Satie had a way of doing just that, of helping 20th-century music open its doors and discover boulevards to stroll beyond the well-trodden avenues of Stravinskian neo-classicism or Schoenbergian revolution. He made a potent case for the grandly small instead of the grandly grand. He did so through his music, but also through the dizzying artistic world in which he moved. Potter tells us Satie lunched with Debussy every week for almost 30 years (mutton cutlets, washed down with a white Bordeau, bien sûr!)
The way forward for French music, Satie insisted, was not through the bloated mythologies of Wagner. Debussy concurred, considered, and wrote “Pelléas et Mélisande.”
Satie also advised the young Ravel, he collaborated with Picasso and Cocteau, and after Debussy’s death, he was there to encourage the next rising generation. The brash young pianist George Antheil recalled the bearded Satie in 1923, looking like a “beneficent elderly goat,” cheering on Antheil’s own pugnacious futurism from a center box at the Champs-Élysées Theatre as riots brewed below.

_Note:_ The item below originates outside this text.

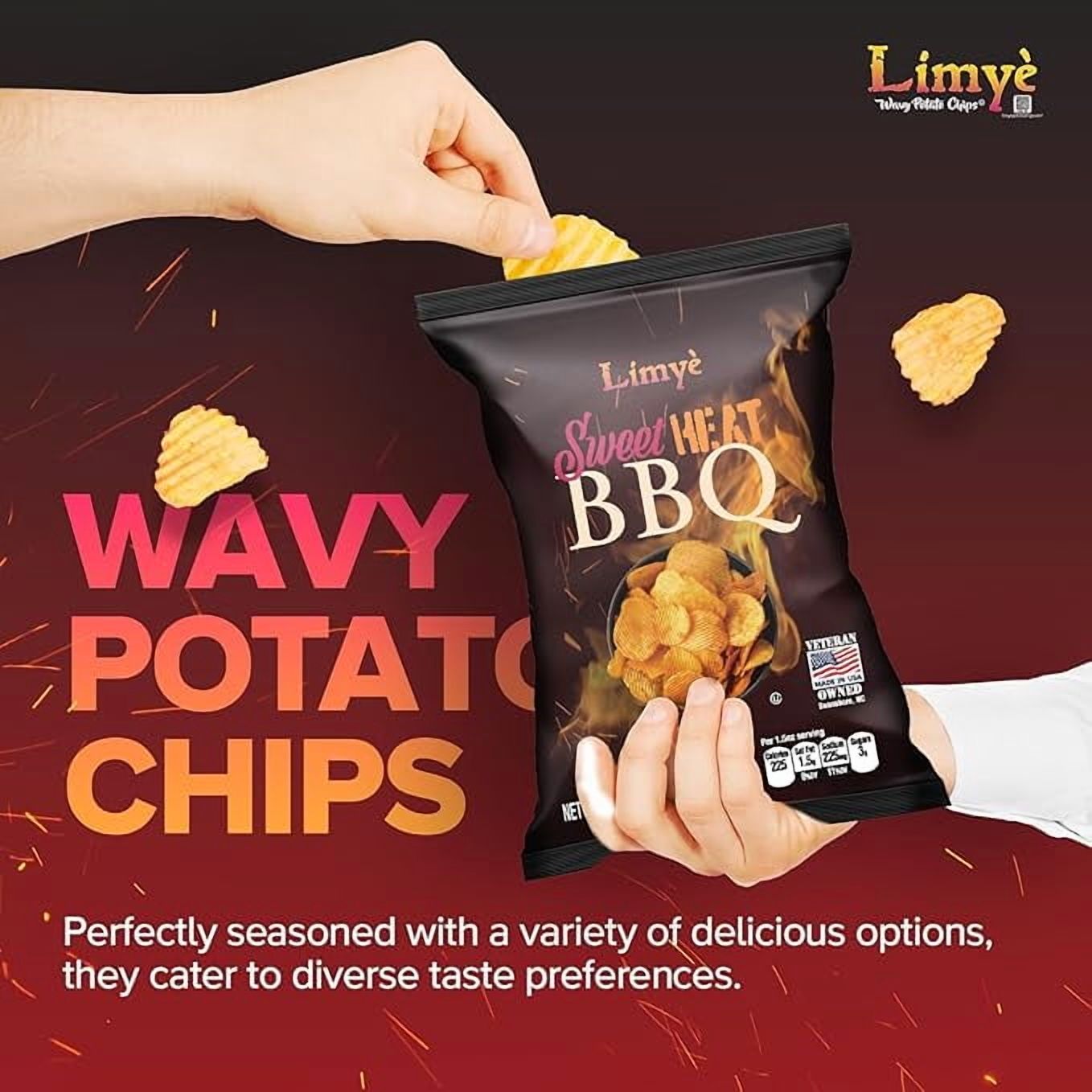 Limyè Sweet Heat BBQ Flavored Potato Chips - Certified Kosher & Allergen-Free - Vegan potato chips, Sweet Heat BBQ Flavor, 1.5 oz, Pack of 24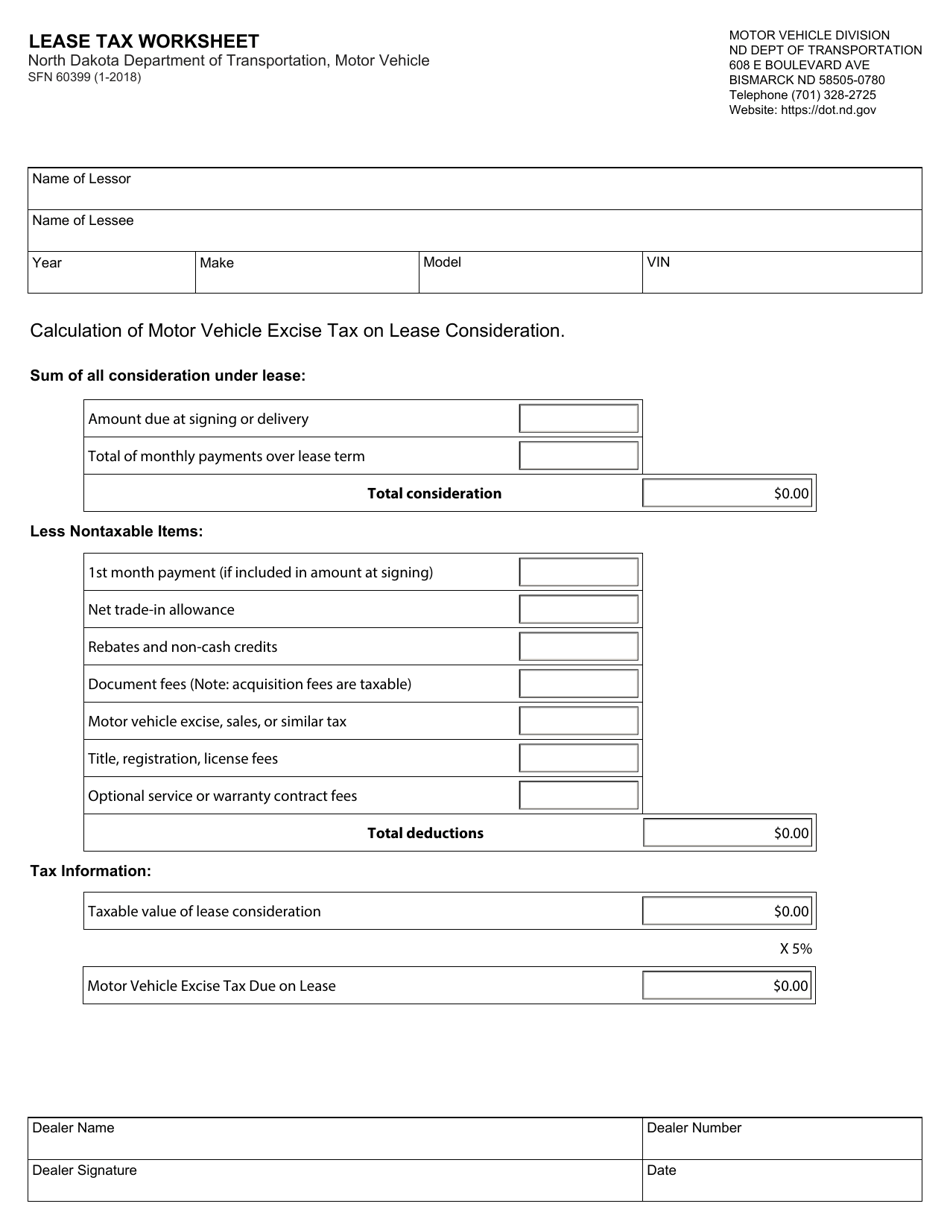 Form SFN60399 Lease Tax Worksheet - North Dakota, Page 1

Satie lived just two years after that, and died in a state of near poverty. If his vision outpaced his own time, the insouciant charm of his music requires no special pleading today — and not just because something about its solitude and intimacy makes it prepackaged for the age of the earbud, or because his notion of passive listening to music as “furniture” (“musique d’ameublement”) anticipated the ubiquity of sound streaming down from the cloud throughout our days.
Satie may have championed brevity and concision, but he lived into an era that was not ready to part with its fantasies of grandeur, or its performances of political power intended to enchant the masses. One might imagine an enormous, pounding work like Orff’s “Carmina Burana,” and how gleefully its balloon could be pricked by just one of Satie’s delectably wry miniatures from “Sports et divertissements.” The best of Satie is a kind of tonic for all varieties of bombast, a kind of modernism at the speed of life.
“I breathe carefully,” the composer once wrote, “a little at a time.”